Selon une étude sociologique réalisée l’année dernière, seulement 1,5% des personnes interrogées ont l’intention de quitter la Russie pour toujours. En 2013, elles étaient deux fois plus nombreuses (3,2%). Environ 6% voudraient partir, mais n’en ont pas la possibilité. Ainsi, ceux qui pensent à émigrer ne sont que 7% ou 8%. Quant au rapport du Comité des initiatives civiles, il situe le nombre de ces personnes dans une fourchette comprise entre 8% et 23%.

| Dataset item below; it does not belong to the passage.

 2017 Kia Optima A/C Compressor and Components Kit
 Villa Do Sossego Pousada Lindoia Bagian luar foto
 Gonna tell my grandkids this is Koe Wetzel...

D’après Vladimir Moukomel, l’affirmation sur une hausse du désir d’émigrer n’est juste que pour les jeunes, et encore, seulement pour une partie. Ces jeunes arguent du manque de justice sociale au sein de la société russe et de l’absence de perspectives personnelles suite à un mauvais fonctionnementdes ascenseurs sociaux pour justifier leur désir de plier bagage.
Toutefois, il s’avère que le désir d’ailleurs n’est pas propre uniquement aux jeunes. Parmi les émigrés, il y a un certain nombre (bien que difficile à préciser) de gens très cultivés entre 30 et 45 ans qui quittent la Russie pour des raisons sociales et économiques : mécontents des salaires trop bas, des impôts élevés et de la corruption. La crise économique de ces dernières années a joué son rôle.
Les experts relèvent dans le même temps une tendance contraire : le retour de ceux qui étaient partis après la chute de l’URSS au début des années 1990.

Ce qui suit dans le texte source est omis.